▶ [EXERCISE DIRECTIONS]
What is needed is an exact copy of the lines from the one containing "Used 2023 Land" through the last line of the records, with no pictures.

Scraped caption text data:
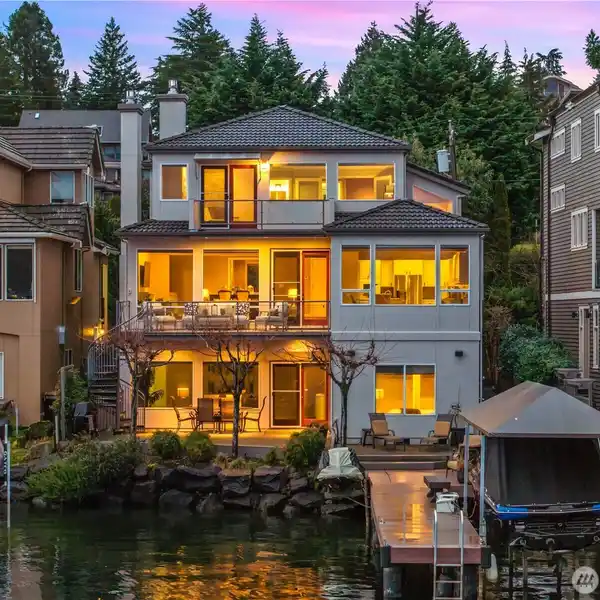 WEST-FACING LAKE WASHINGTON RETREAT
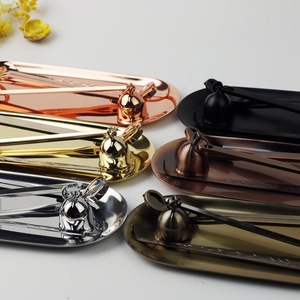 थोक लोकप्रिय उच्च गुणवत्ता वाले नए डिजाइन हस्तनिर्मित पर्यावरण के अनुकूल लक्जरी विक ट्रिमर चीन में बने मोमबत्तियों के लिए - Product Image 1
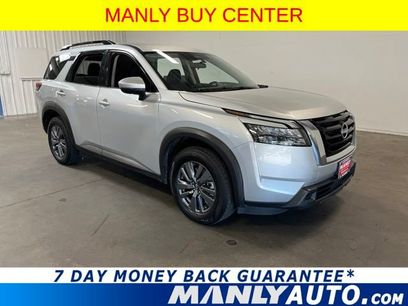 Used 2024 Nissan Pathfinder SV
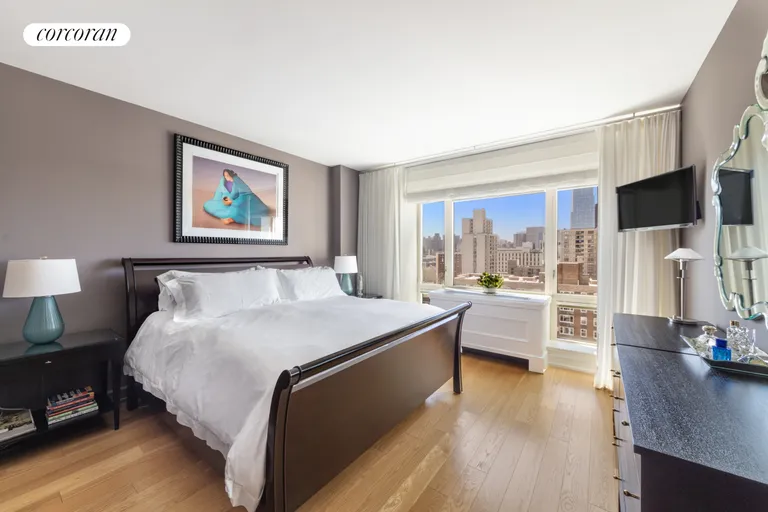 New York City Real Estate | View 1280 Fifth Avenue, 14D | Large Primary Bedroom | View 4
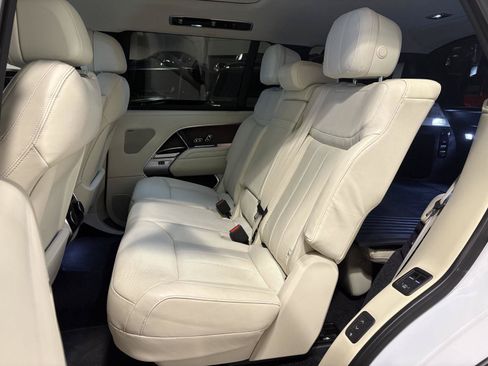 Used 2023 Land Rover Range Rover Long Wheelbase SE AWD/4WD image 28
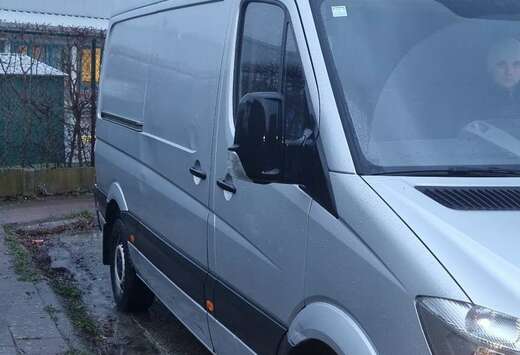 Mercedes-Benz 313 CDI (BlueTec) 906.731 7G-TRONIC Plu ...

▶ [RESULT OF THIS TASK]
 Used 2023 Land Rover Range Rover Long Wheelbase SE AWD/4WD image 28
 Mercedes-Benz 313 CDI (BlueTec) 906.731 7G-TRONIC Plu ...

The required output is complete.